Would you return the data below exactly as it stands, with every picture left out?

* Available data:
=====
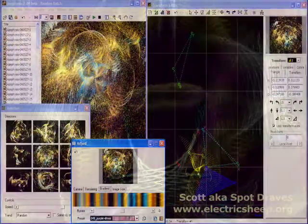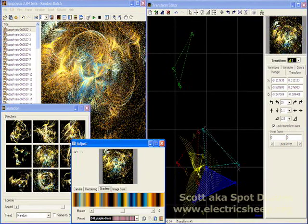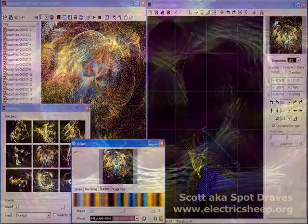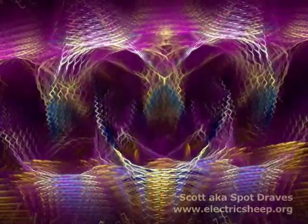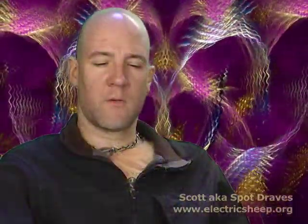Users can download Apophysis, a traditional Windows graphical user interface, to manually edit genomes and see a draft of the results in real time. People post these designs to the server, where they join the flock, and if they prove popular, interbreed and recombine.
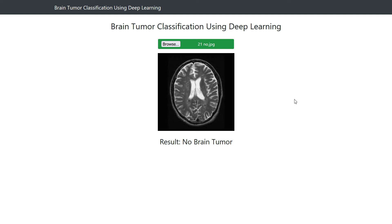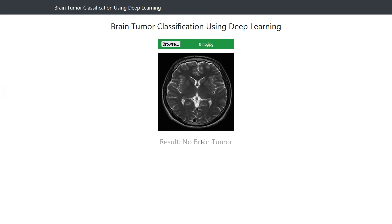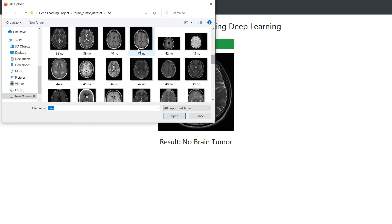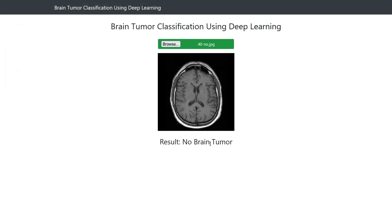This is the demo and you can see here this is a web app: brain tumor classification using deep learning. I will try to browse a picture here to classify the image. If I click here to browse images, you can see the label is 'No'. Let's choose another picture and click predict — no brain tumor. Let's choose another one, open and predict — no brain tumor.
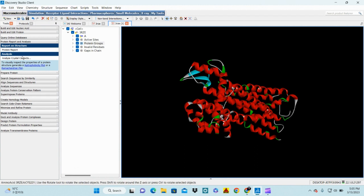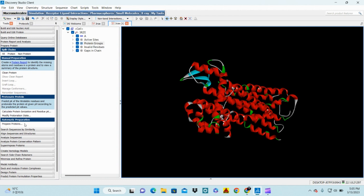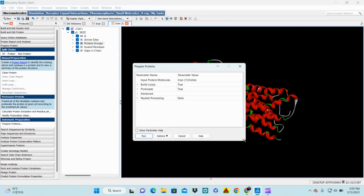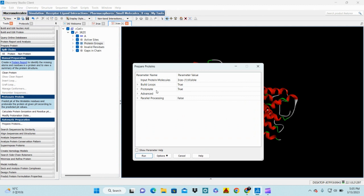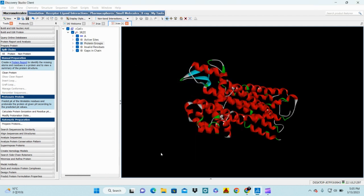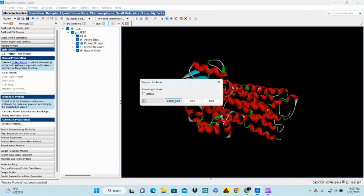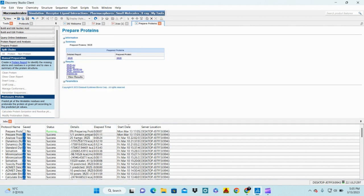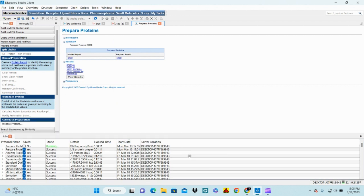Therefore we need to prepare our protein. Close this part, click on your protein, click on Prepare Protein, add the required sequence, set parallel processing to true, and run it in the background. I have already prepared the structure here — it takes some time, but you can see the prepared protein structure is now ready.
=====
* Written solution:
Users can download Apophysis, a traditional Windows graphical user interface, to manually edit genomes and see a draft of the results in real time. People post these designs to the server, where they join the flock, and if they prove popular, interbreed and recombine.
This is the demo and you can see here this is a web app: brain tumor classification using deep learning. I will try to browse a picture here to classify the image. If I click here to browse images, you can see the label is 'No'. Let's choose another picture and click predict — no brain tumor. Let's choose another one, open and predict — no brain tumor.
Therefore we need to prepare our protein. Close this part, click on your protein, click on Prepare Protein, add the required sequence, set parallel processing to true, and run it in the background. I have already prepared the structure here — it takes some time, but you can see the prepared protein structure is now ready.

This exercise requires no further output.